(WHAT YOU WILL DO) Can you write out every line from the start of the records below through the line containing "FULL FACE USING", leaving out any pictures?

[Collected data]
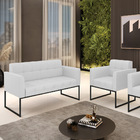 Kit 1 Sofá Namoradeira E 1 Poltrona Elisa Linho Base Metálica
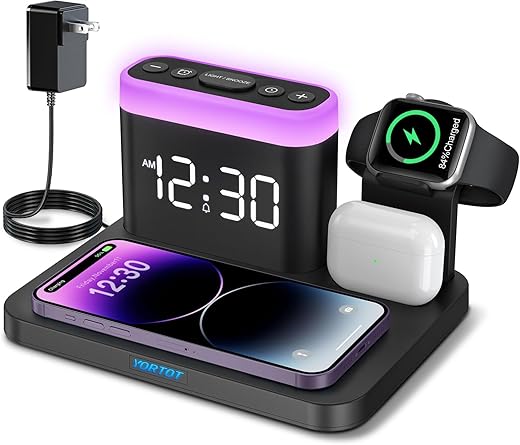 Wireless Charging Station, 5 in 1 Wireless Charger Stand with Alarm Clock, 7 Night Lights, Charging Dock for iPhone16/15/14/13/12/11/Pro/Max/XR/Samsung Phone, Apple Watch 9/8/7/6/5/SE, AirPods/3/2/1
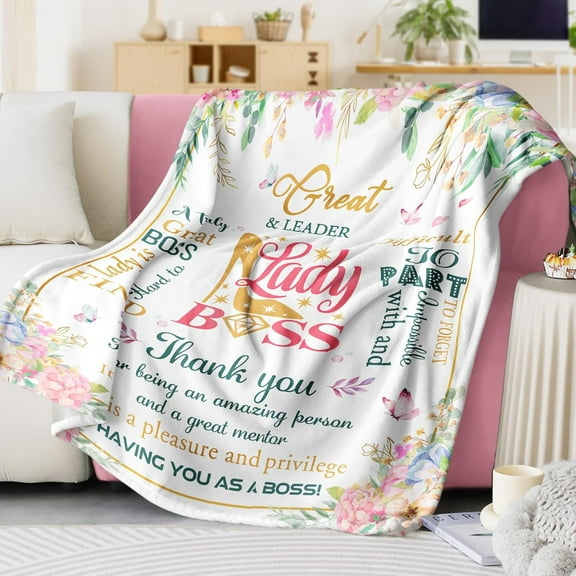 Boss Gifts for Women, Bosses Day Gifts for Her, Best Boss Gifts for Female, Boss Lady Appreciation Gifts Throw Blanket 60 L X50 W, Christmas Birthday Office Decor Gifts for Boss Lady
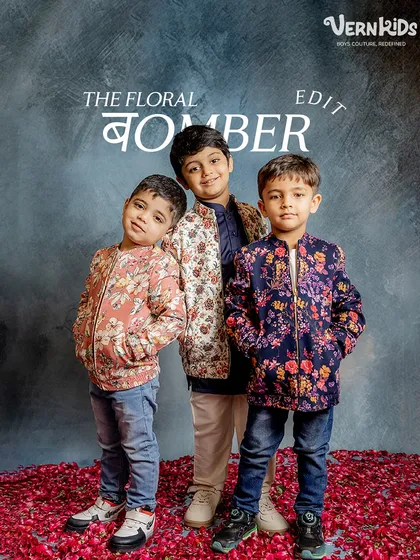 Our floral bomber jackets are all about versatile style and fun. This shot captures three of our little clients showing off different prints from the Jashn Collection, perfect for coordinating sibling looks or letting individual personalities shine.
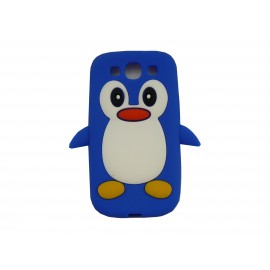 Coque pour Samsung I9300 Galaxy S3 silicone pingouin bleu+ film protection écran offert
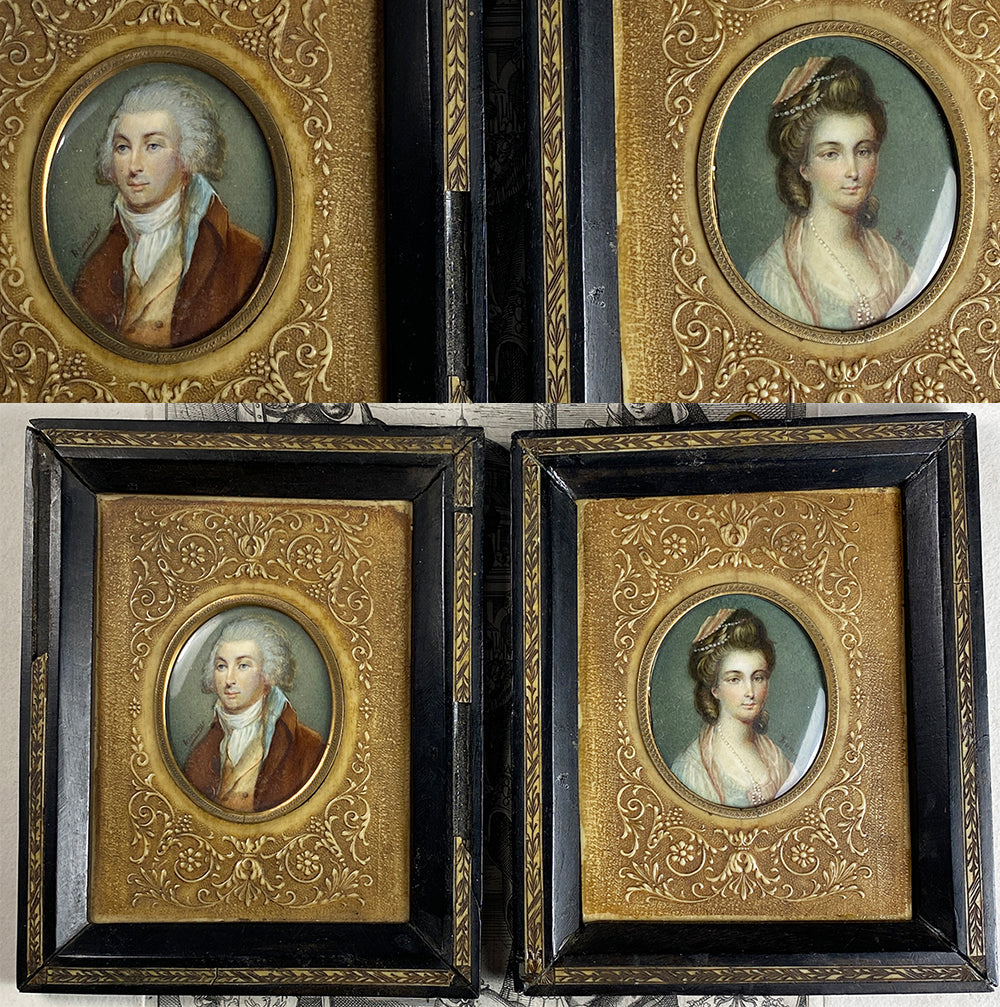 Pair (2) Antique Portrait Miniatures in Frame, Man and Woman, Grand Tour, Signed Romney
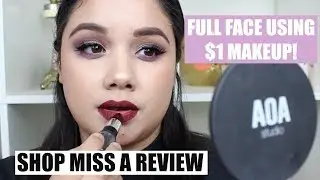 FULL FACE USING $1 MAKEUP!! | Shop Miss A Haul + Review & Demo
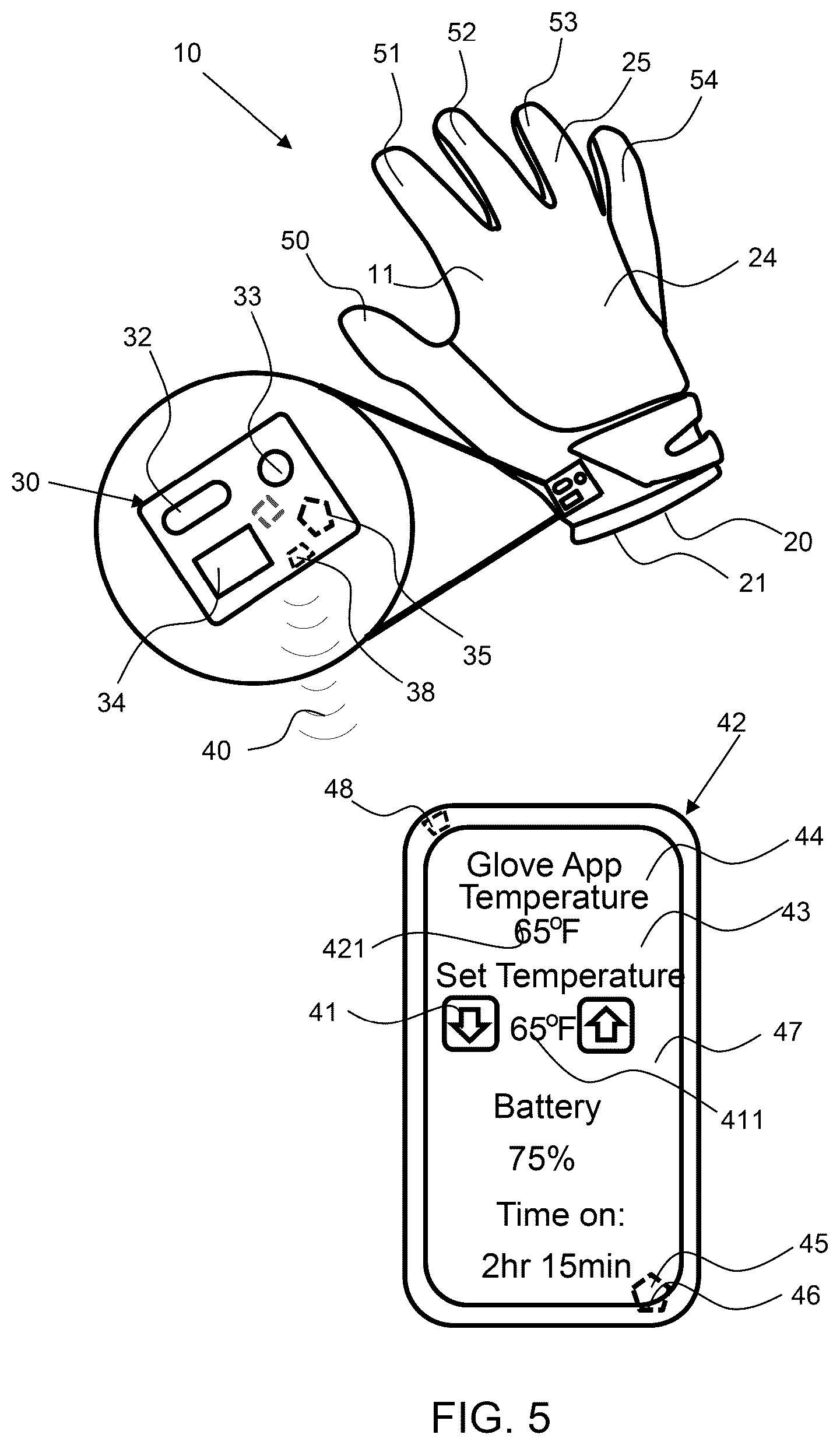 Patent US12564230 Figure 3 – Heated glove system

(OUTPUT OF THE TASK)
 Kit 1 Sofá Namoradeira E 1 Poltrona Elisa Linho Base Metálica
 Wireless Charging Station, 5 in 1 Wireless Charger Stand with Alarm Clock, 7 Night Lights, Charging Dock for iPhone16/15/14/13/12/11/Pro/Max/XR/Samsung Phone, Apple Watch 9/8/7/6/5/SE, AirPods/3/2/1
 Boss Gifts for Women, Bosses Day Gifts for Her, Best Boss Gifts for Female, Boss Lady Appreciation Gifts Throw Blanket 60 L X50 W, Christmas Birthday Office Decor Gifts for Boss Lady
 Our floral bomber jackets are all about versatile style and fun. This shot captures three of our little clients showing off different prints from the Jashn Collection, perfect for coordinating sibling looks or letting individual personalities shine.
 Coque pour Samsung I9300 Galaxy S3 silicone pingouin bleu+ film protection écran offert
 Pair (2) Antique Portrait Miniatures in Frame, Man and Woman, Grand Tour, Signed Romney
 FULL FACE USING $1 MAKEUP!! | Shop Miss A Haul + Review & Demo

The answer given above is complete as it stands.